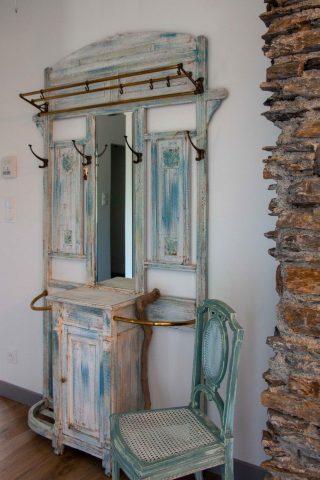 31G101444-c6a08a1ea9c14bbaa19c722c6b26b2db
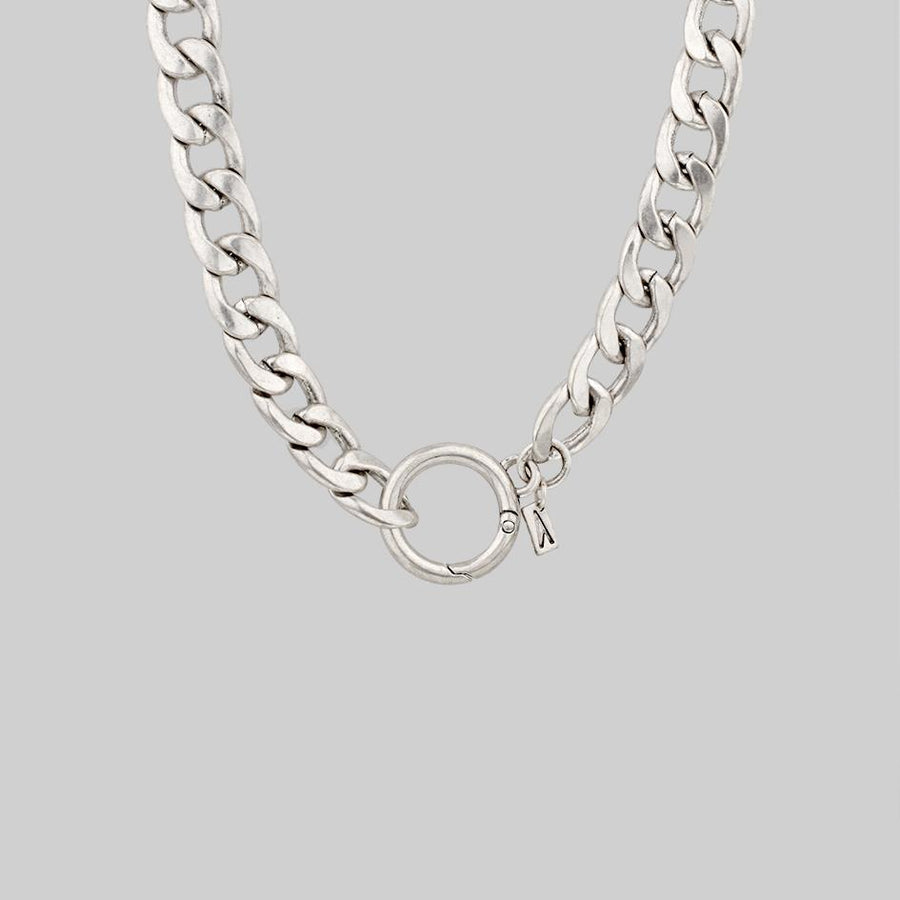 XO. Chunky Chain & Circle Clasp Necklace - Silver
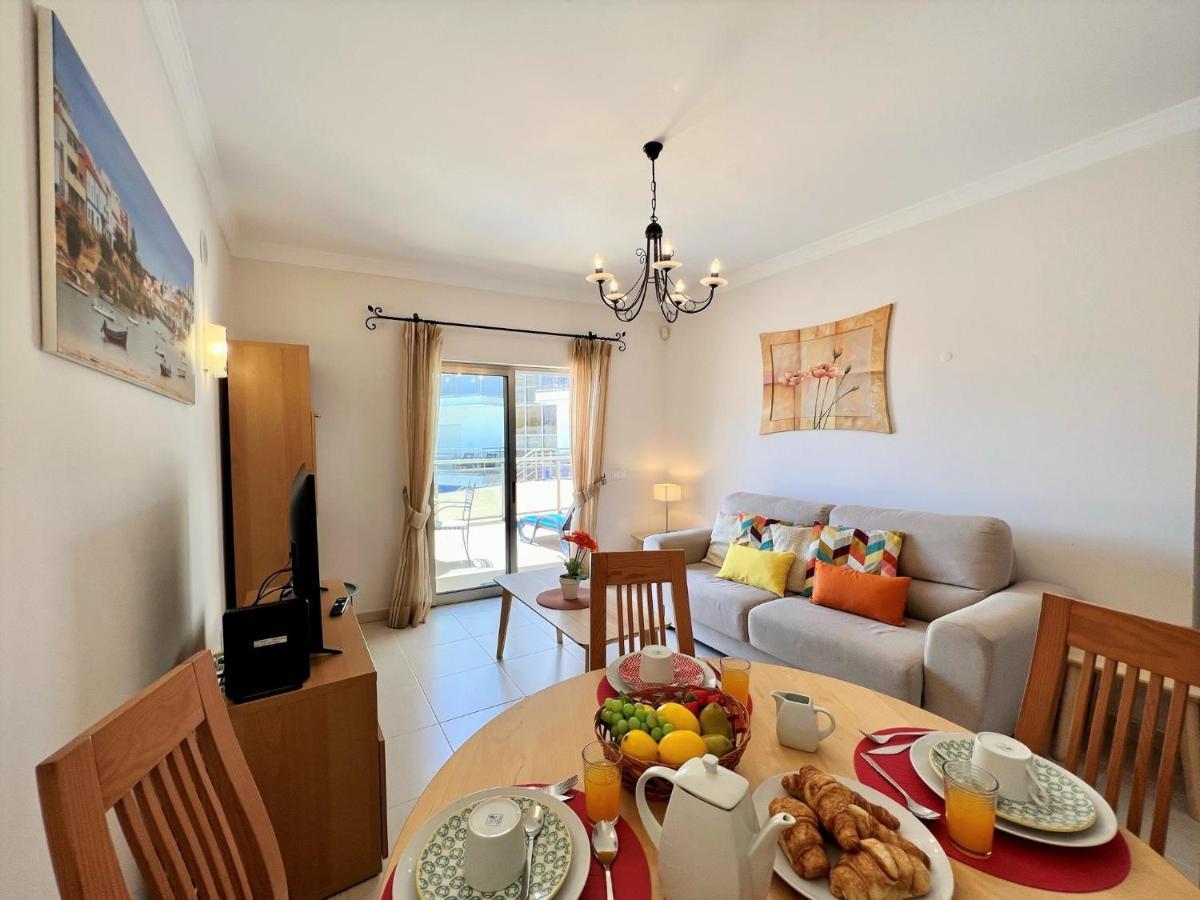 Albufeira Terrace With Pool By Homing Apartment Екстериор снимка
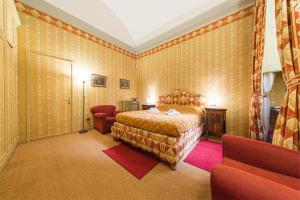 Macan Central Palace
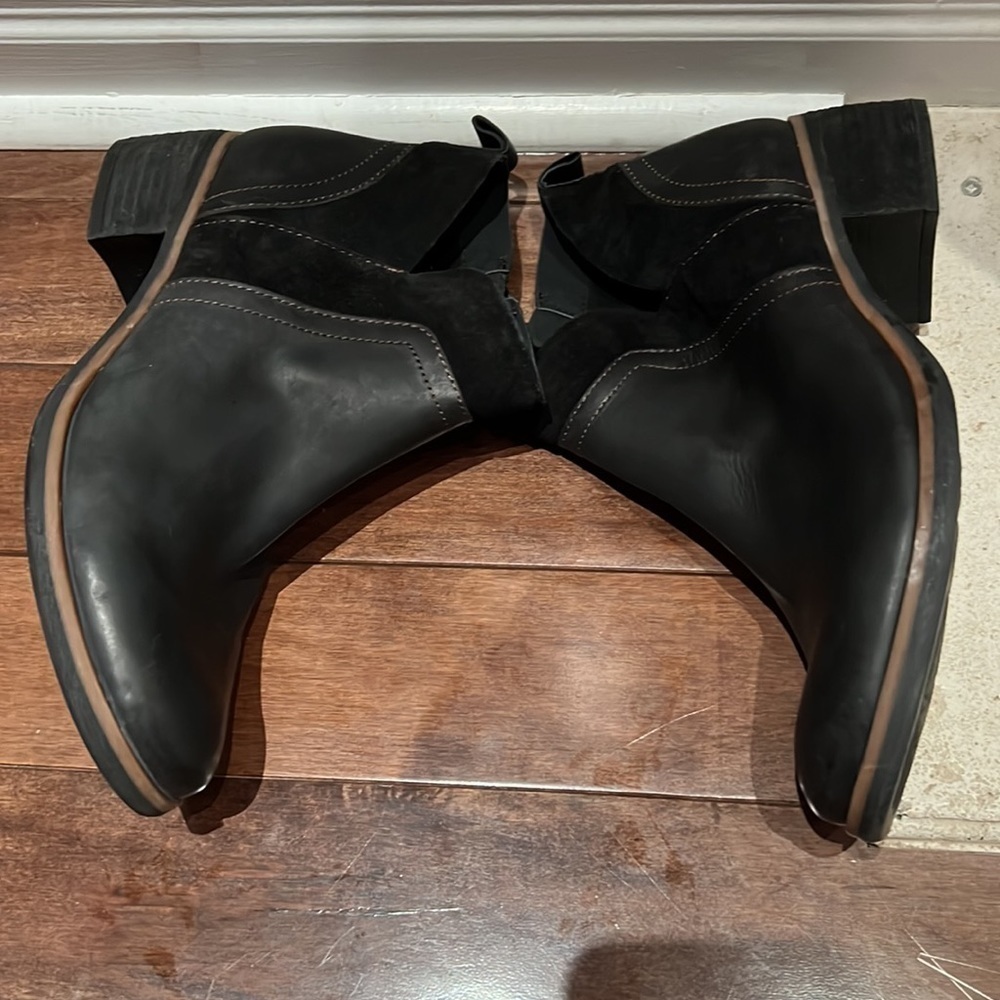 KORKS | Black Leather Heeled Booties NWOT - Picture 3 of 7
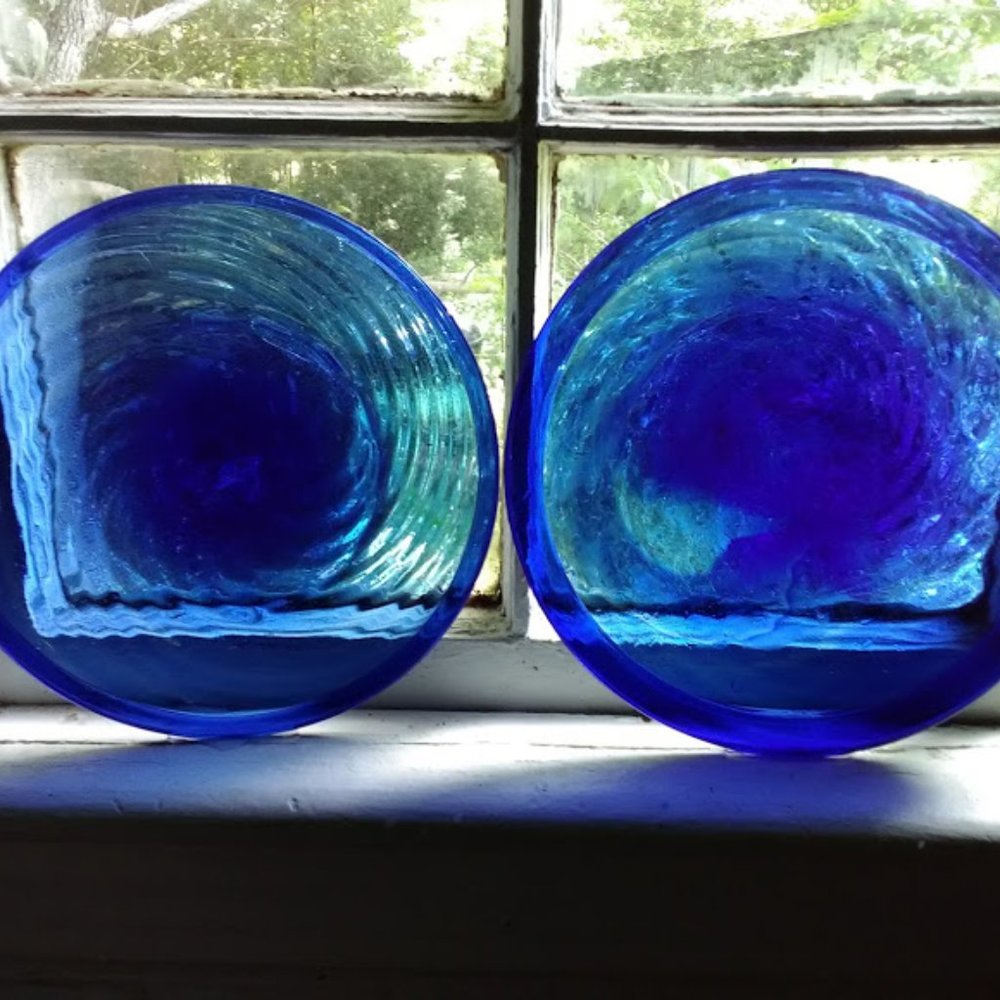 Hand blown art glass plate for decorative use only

• • • •

WHAT YOU WILL DO
Copy exactly the lines from the line that has "XO. Chunky Chain" through the last line of the entries above, inclusive, and no others. Pictures do not go in the copy.

ANSWER TO THE EXERCISE
 XO. Chunky Chain & Circle Clasp Necklace - Silver
 Albufeira Terrace With Pool By Homing Apartment Екстериор снимка
 Macan Central Palace
 KORKS | Black Leather Heeled Booties NWOT - Picture 3 of 7
 Hand blown art glass plate for decorative use only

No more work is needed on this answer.